Looking at the log I see things like this Valid Rect: LEFT:465 TOP:83 RIGHT : 31 BOTTOM : 0. Wondering what it all means and if it helps. Or perhaps I lack understanding of it all. Thanks.

This is just for debugging, the valid rect is the part of the rect that you have defined in the profile that includes at least 1 pixel with the text color.

If the game is using standard Windows text rendering, shouldn't it be possible to hook into the process directly and determine exactly what characters the game is using?  I think the NJStar CJK Viewer used to do that.  (Anyone else remember that one?)

Of course, if the game is running in an emulator or somehow using its own text renderer, that would be a different matter.

Yes, standard text hooking is possible with many Windows games, but not all, and it is not possible at all with console games.

elpan

  • Newbie
  • *
  • Posts: 2
    • View Profile
Re: Font Based Character Recognizer for Japanese games - Looking for feedback!
« Reply #19 on: January 22, 2018, 06:06:50 pm »
The first thing you need to check is the game's window name, for instance if you're using Neko Project, the command should look like this:
window_name_starts_with:Neko Project

Then check the scale of the window, if it is native (640x400), the command looks like:
scale:1

width and height are the size of the zone where the text is. left and top is the position within the client area. To choose precise values, press F9, this will generate 3 images in the same folder as FBCR.exe, check the file that ends with _full.bmp

Sometime you need to adjust the top value, as the image grabbed from the game change size, use the F9 trick to find the correct value.
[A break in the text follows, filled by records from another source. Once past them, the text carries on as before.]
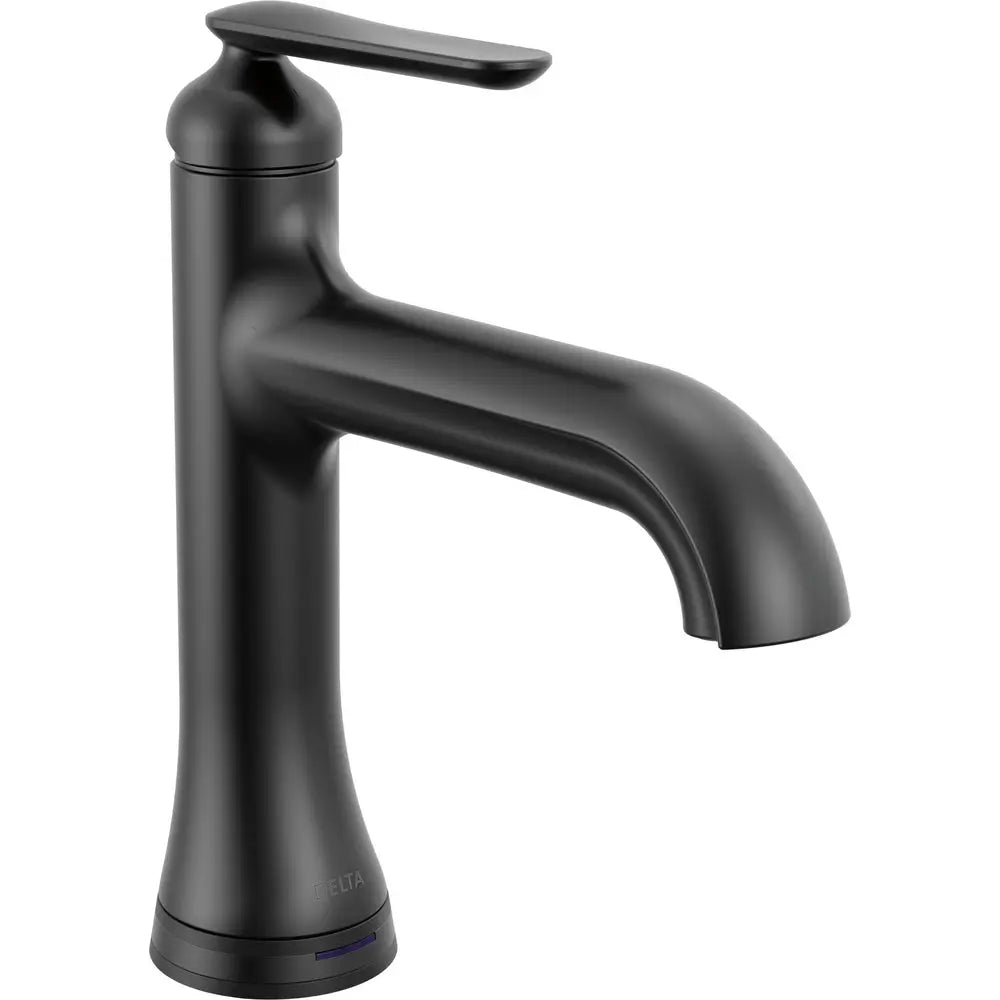 Delta Bonacci Single Handle Bathroom Faucet with Touch2O with Touchless Technology 545T - Matte Black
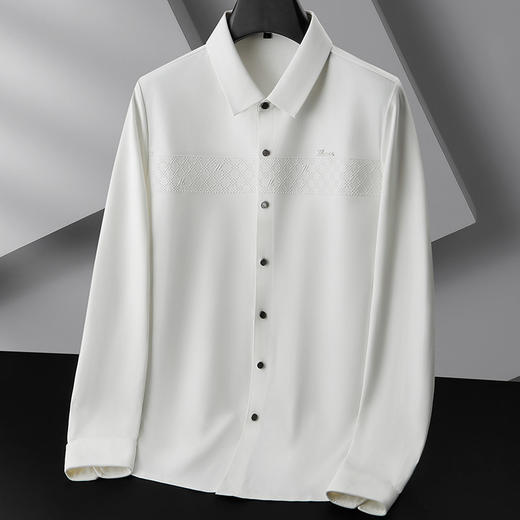 【DDP】大依优型大码男装春季翻领长袖衬衫商务休闲透气免烫长袖T恤 商品图4
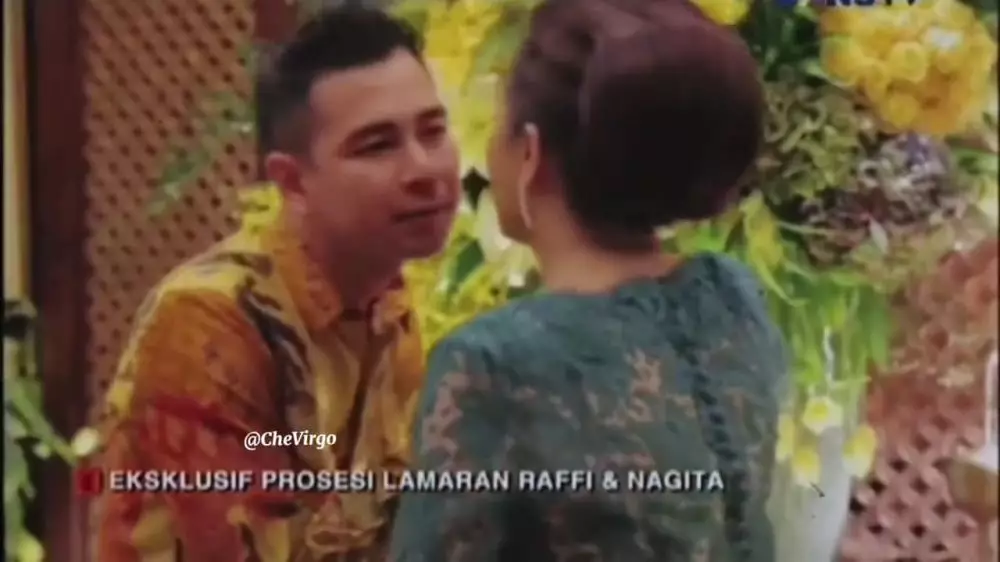 potret lawas lamaran raffi dan nagita © instagram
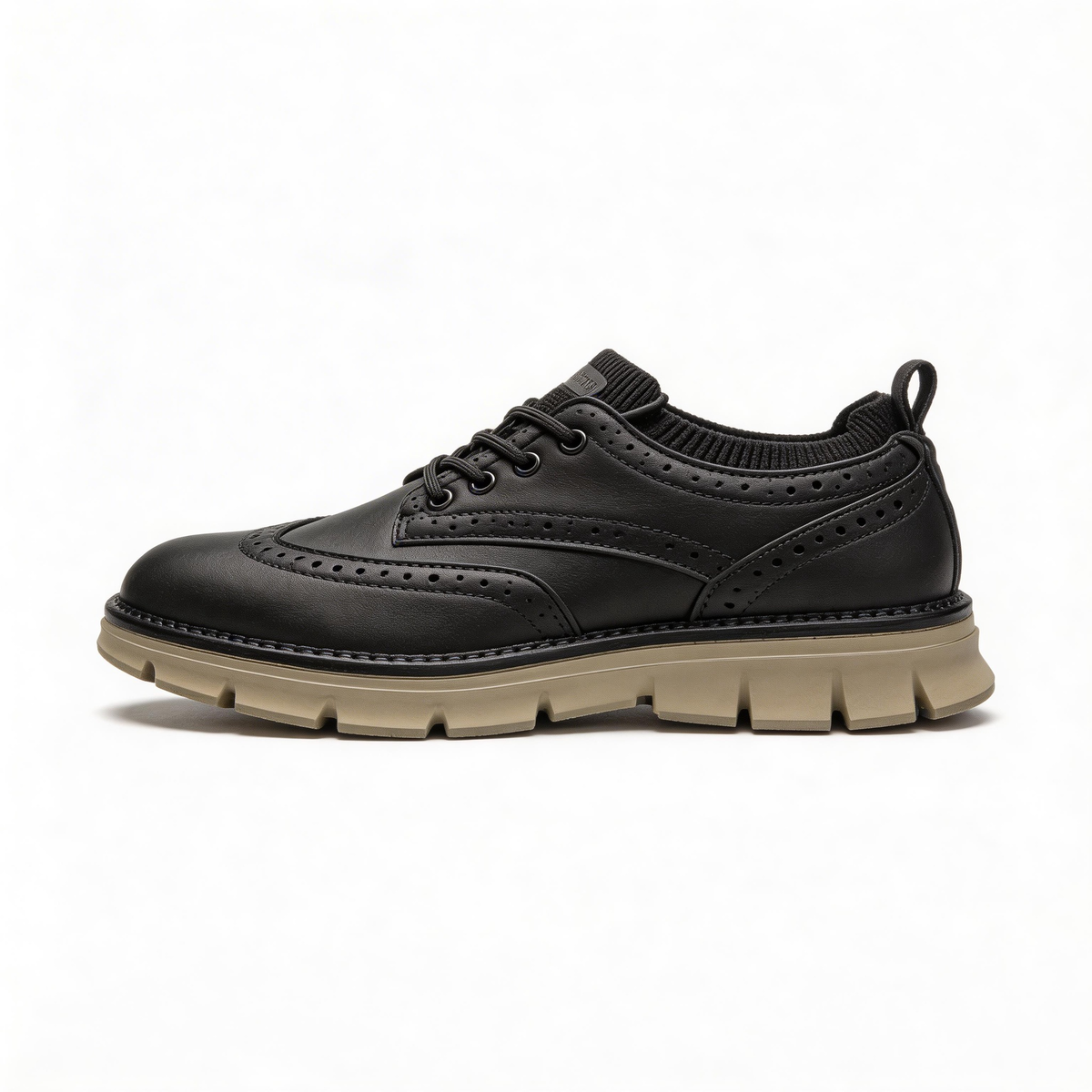 The Alderwood — Autumn Breathable Sneaker (Black)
Thank you, I understand much better now and was able to test a few profiles. Kuro no Ken is working thanks for the profile.
Some feedback. If possible would be great to be able to load multiple profiles at the same time. or better yet a way to define multiple text zones in the same profile for different areas that text appears. Also the speed to parse can seem slow sometimes.